News update |
December 21, 2005
WASHINGTON - A negotiation is under way between the U.S. State Department and the Meles Zenawi regime to try to obtain the release of political prisoners and to get assurances that the regime will comply with its commitments to democracy and the respect for human rights. These negotiations are on-going, and despite the urge to see results immediately, it may take some time.
The U.S. has some powerful but limited tools such as imposing sanctions and withholding aid. It is very difficult for it to use these tools in ways that do not hurt ordinary, poor Ethiopians. It is important for the opposition to continue to keep the State Department informed of the situation and to try to convince it to help, but that does not mean this is sufficient. The State Department and the American government alone can not fix all of Ethiopia's problems.
The European Union has recently imposed targeted sanctions that are intended to place limits on the travel and financial transactions of senior regime officials. The U.S. might consider similar steps if negotiations fail.

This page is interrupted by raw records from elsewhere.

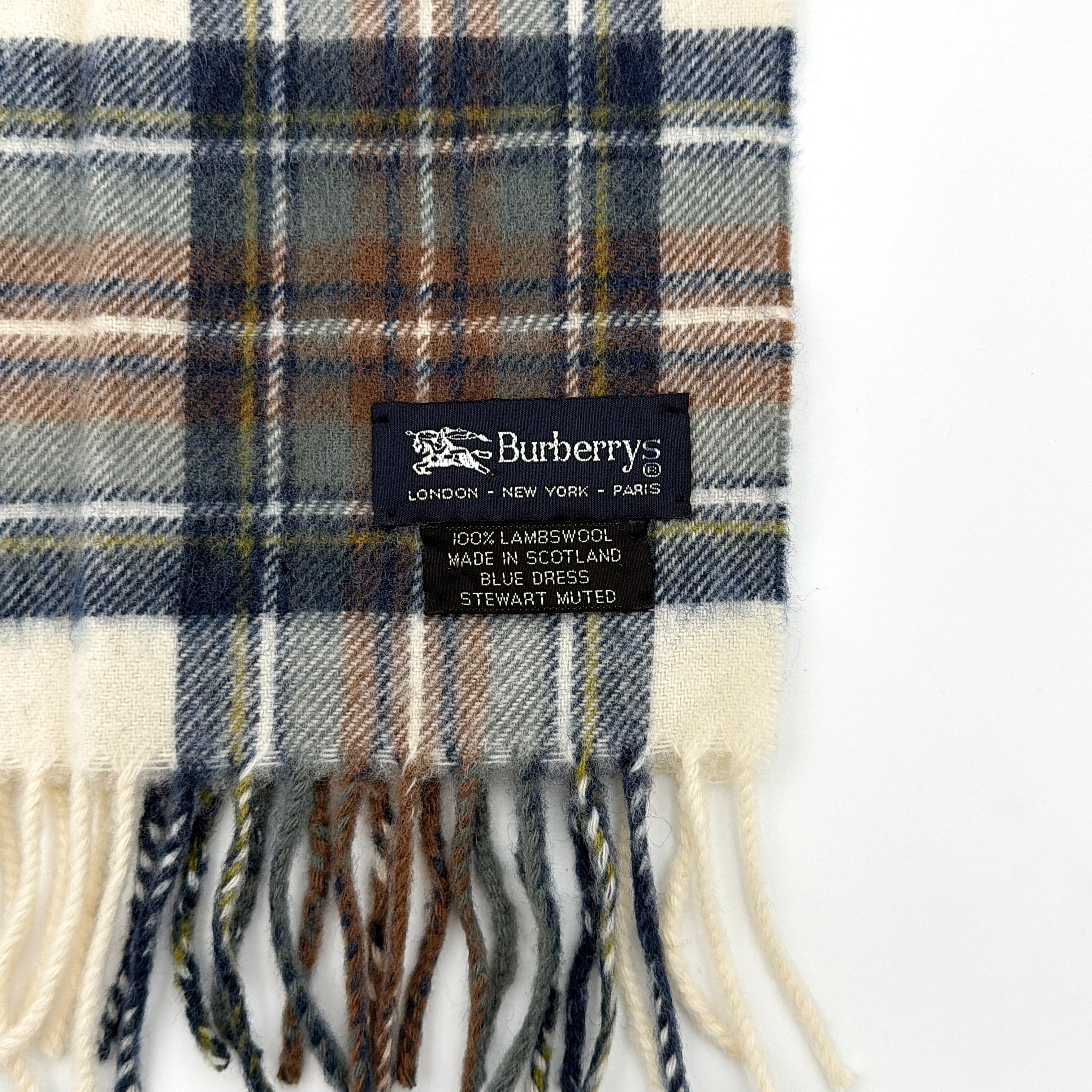 Burberry wool scarf in a muted blue, cream, and grey Stewart tartan, finished with long fringe and a woven heritage label.
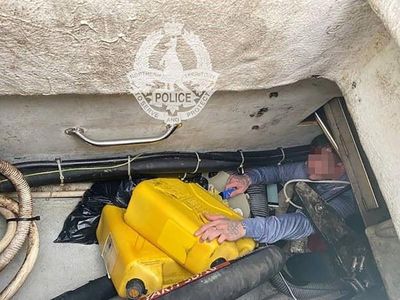 Wanted man found hiding in yacht hull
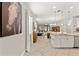 Modern kitchen featuring an island with a sink, granite countertops, and stainless steel appliances at 18620 Rococo Rd, Spring Hill, FL 34610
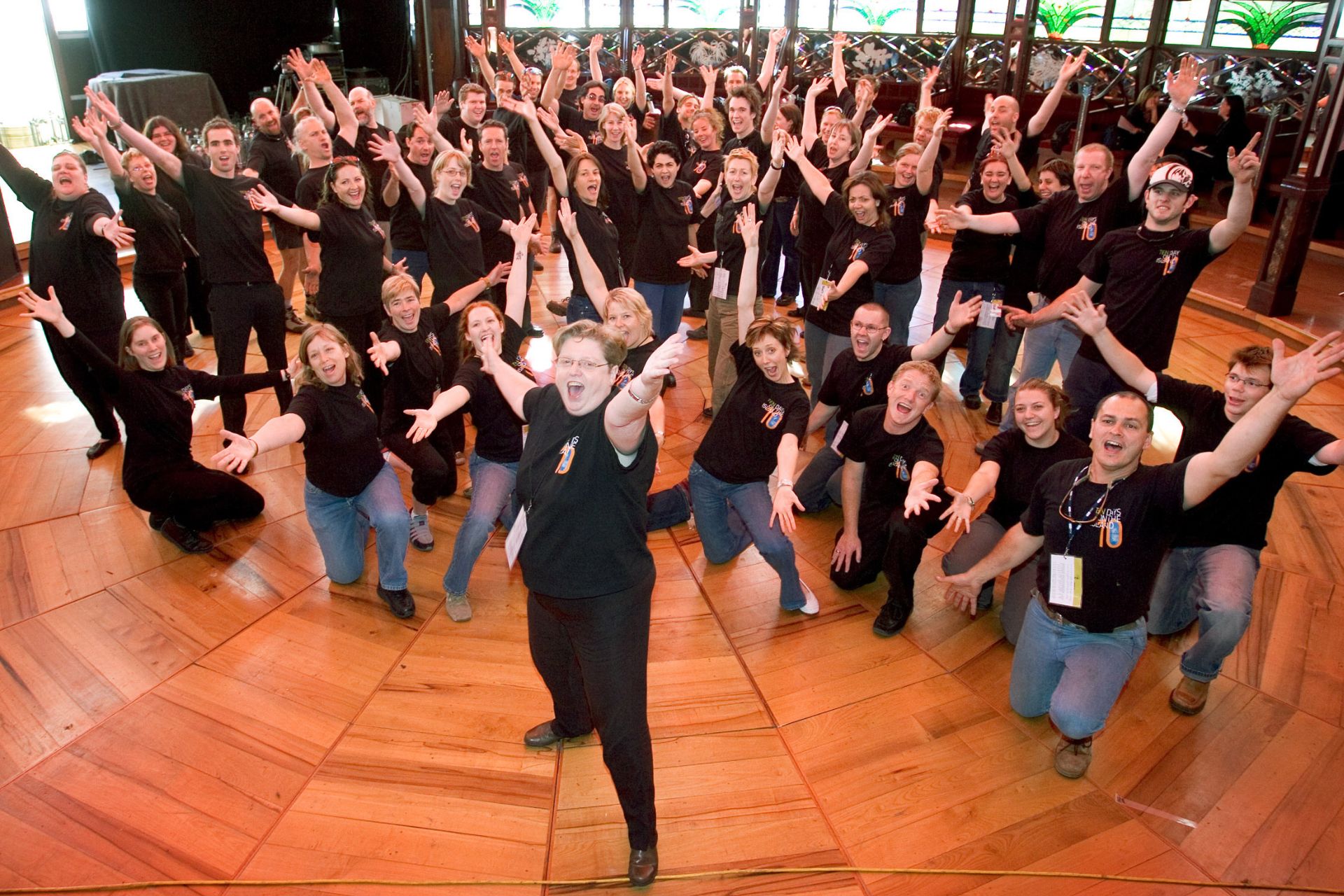 The Ten Days on the Island festival team in matching black t-shirts, arms raised and beaming, photographed from above on a polished timber dancefloor inside a grand ornate ballroom. Robyn Archer leads the charge front and centre with arms flung wide, and absolutely nobody is playing it cool. Circa 2005.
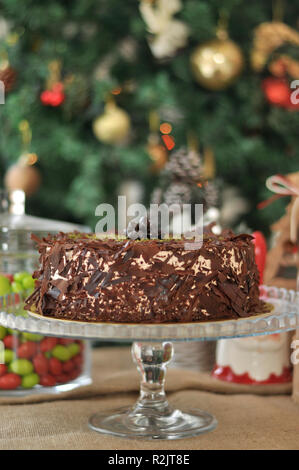 Köstliche frische Schokolade Pistaccio Kuchen mit Schokolade Stück um und Pistazien auf oben auf Glasplatten serviert mit Weihnachten Dekoration Stockfoto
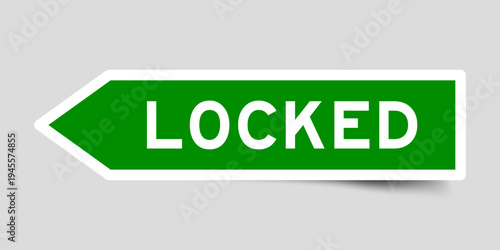 Green color arrow shape sticker label with word locked on gray background
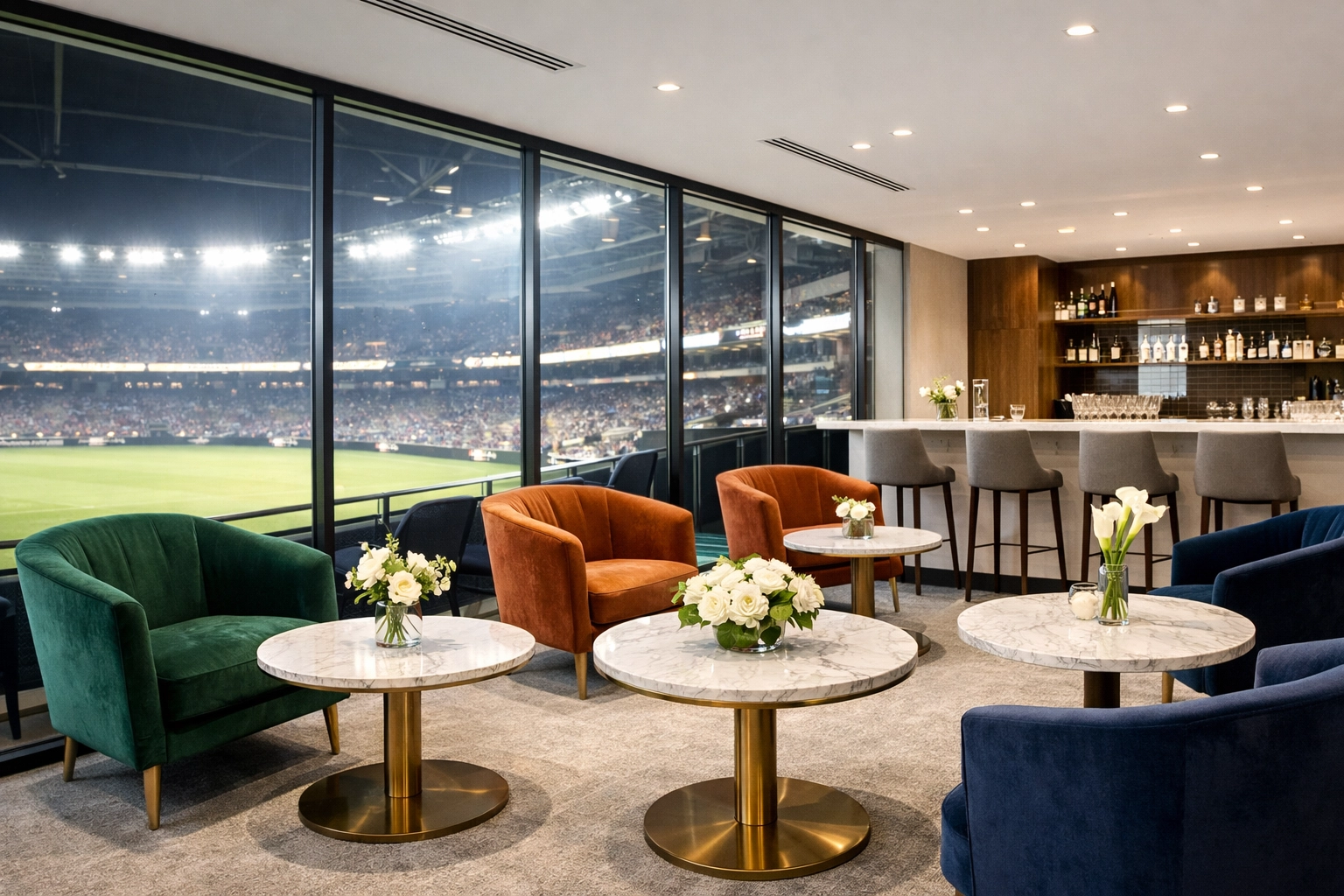 Luxury corporate hospitality suite with a stadium view for exclusive Super Bowl networking.
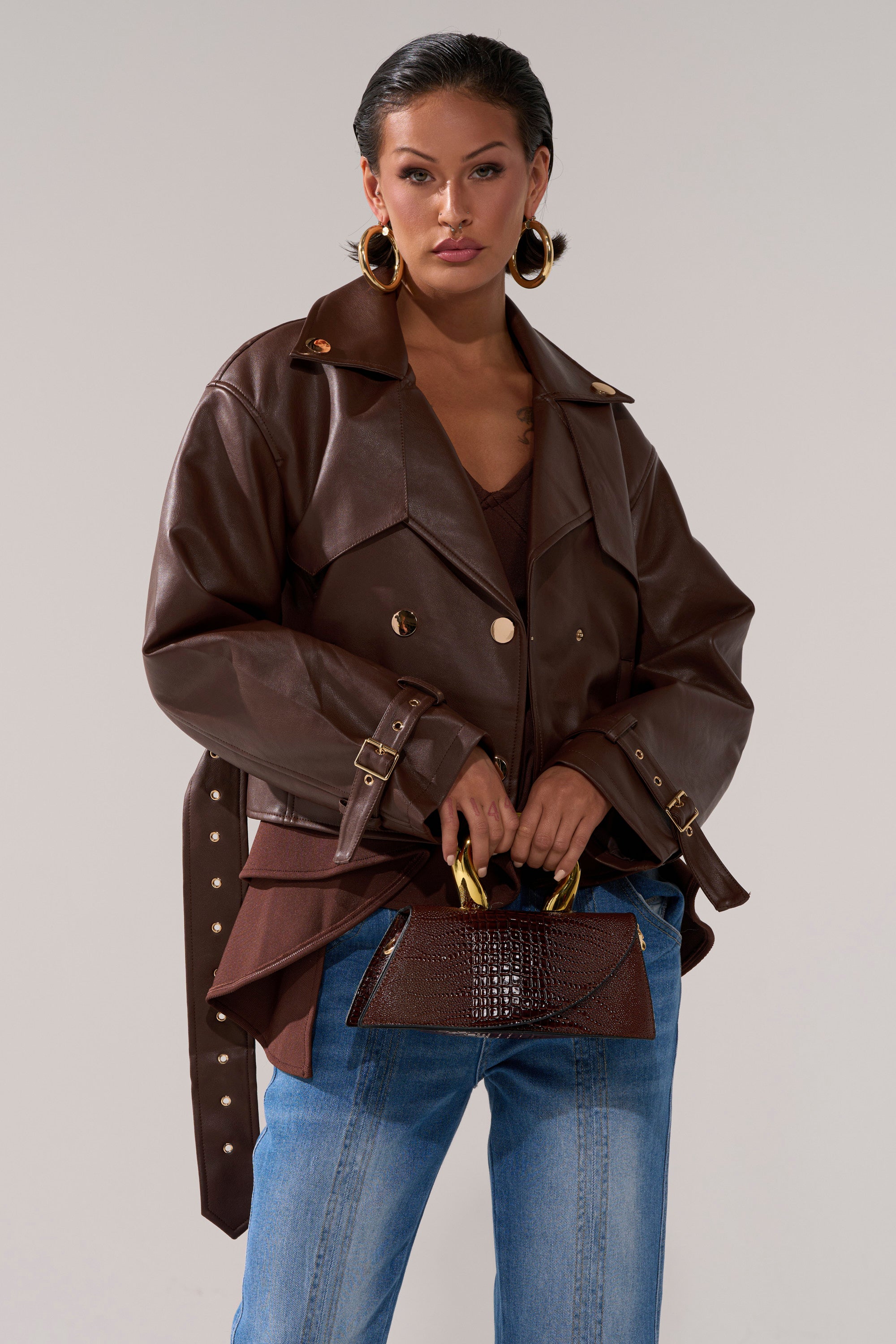Wearing the LINA TRENCH MOTO belted cropped jacket, hoop earrings, and blue jeans, a woman stands holding a textured brown handbag with gold handles against a light gray background.
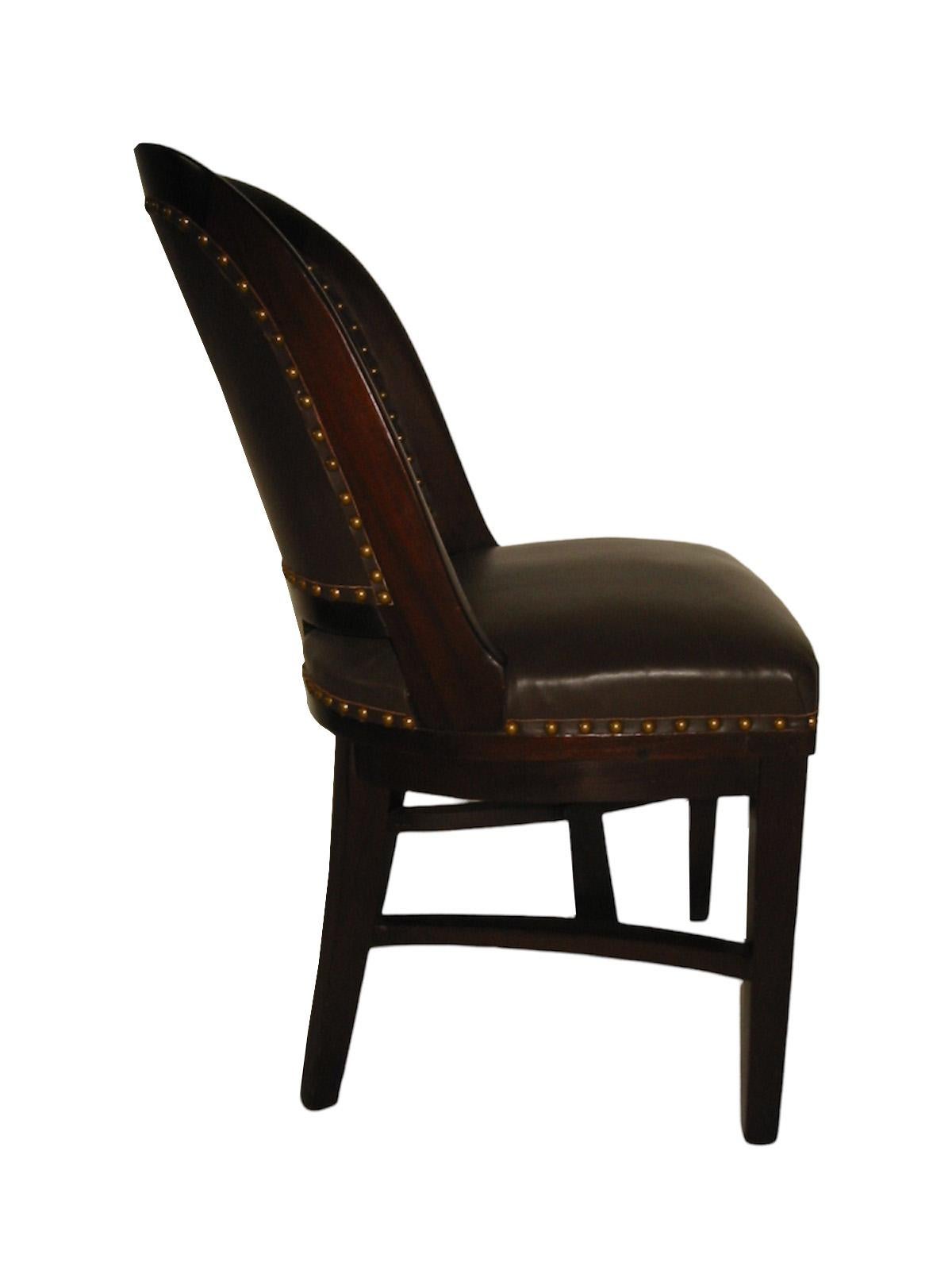 19th century leather bank chair. Beautifully upholstered with a brass nail head trim. 

Property from esteemed interior designer Juan Montoya. Juan Montoya is one of the most acclaimed and prolific interior designers in the world today. Juan Montoya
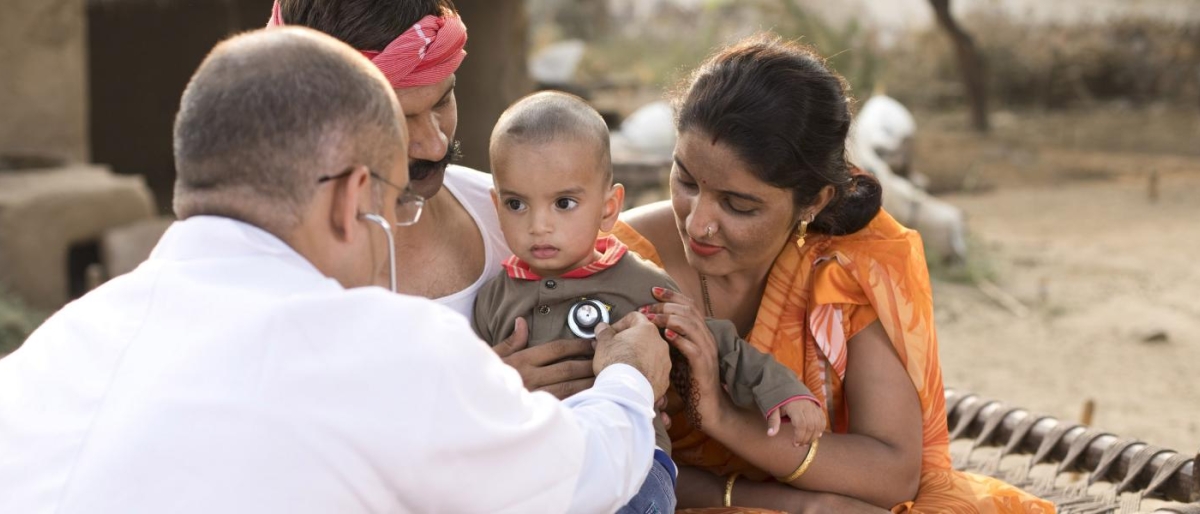 Image of a doctor using a stethoscope to examine a baby held by family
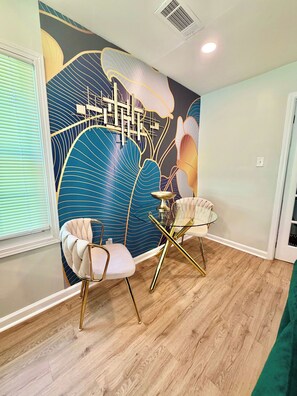 Ein Zimmer mit einem modernen Wandgemälde, zwei weißen Stühlen mit goldenen Beinen, einem Glastisch und Holzboden.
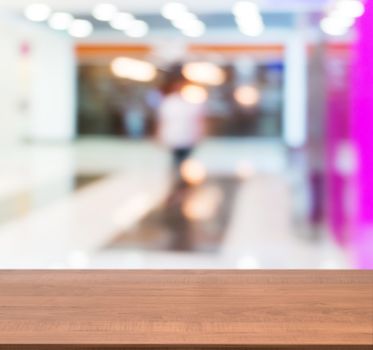 Wooden board empty table in front of blurred background. Perspective dark wood table over blur in shopping mall hall. Mock up for display or montage your product.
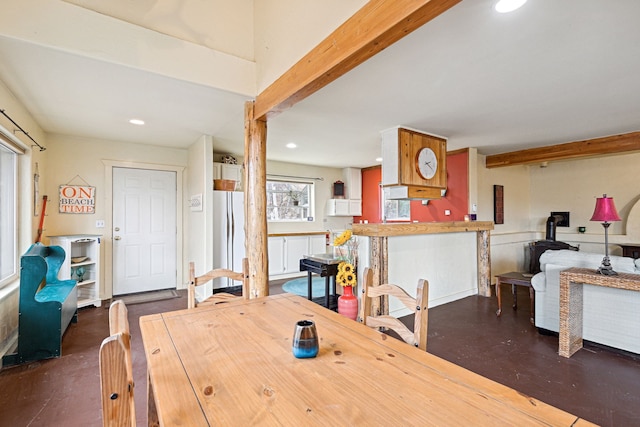 dining space featuring concrete flooring, a wood stove, and recessed lighting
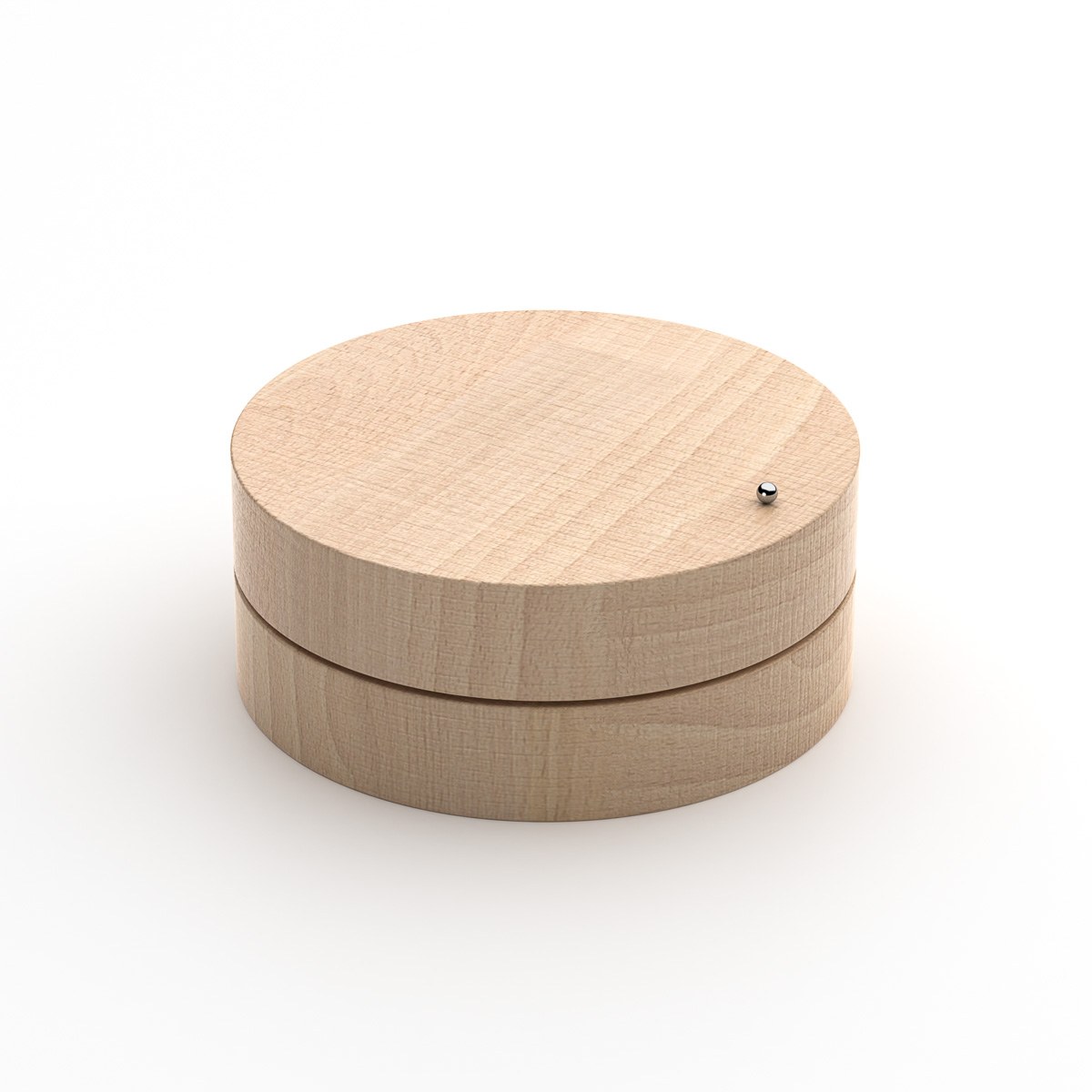 Toki by NOEMAR — studio view of the wooden disc from a slightly different angle, steel ball at the rim.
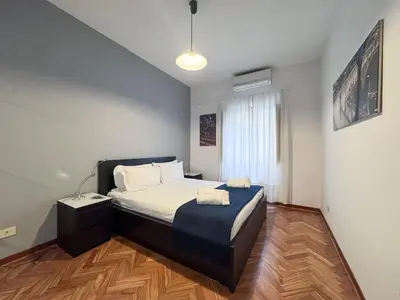 a bedroom with a bed with two towels on it at Vatican Charming Suite in Rome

At the same time, it must be realized that the U.S. government doesn't have magical powers to instantly correct the situation in Ethiopia. Much of the hard work will have to be done by Ethiopians. It is important for Ethiopians, especially those living abroad, to focus on what can be done, to propose positive steps. And it is the responsibility of anyone advocating specific measures to announce what they personally are willing to do. Too much time and attention is being wasted on people who contribute nothing beyond their opinions and criticism. Anyone can sit in the comfort of their home and type criticisms and blast them out over the Internet. This doesn't help anyone; all it does is help the regime by creating dissension within the opposition and divert precious time and resources from positive action.
There has been some progress in Congress. So far there is one co-sponsor for H.R. 4423, Rep. Ed Town of the 10th district of New Jersey. Several other members of Congress, including Rep. Hoyer of Maryland and Ed Royce (California) have said they are likely to co-sponsor the bill and will certainly vote for it on the House floor. Sen. Patrick Leahy (Vermont) and Senator Sarbanes (Maryland) have written very strong letters, summarizing the present situation in Ethiopia and asking President Bush to intervene. The Senate Foreign Relations Committee is also working very hard behind the scenes on issues related to Ethiopia. Rep. Christopher Smith recently received a petition signed by about 6,000 Ethiopians supporting HR 4423.
Once again, we cannot emphasize enough that we have to concentrate on the big picture, i.e. how to help save the lives of many Ethiopians by pushing this legislation that will commit the U.S. to fight for democracy, justice, development, freedom and the immediate release of political prisoners in Ethiopia.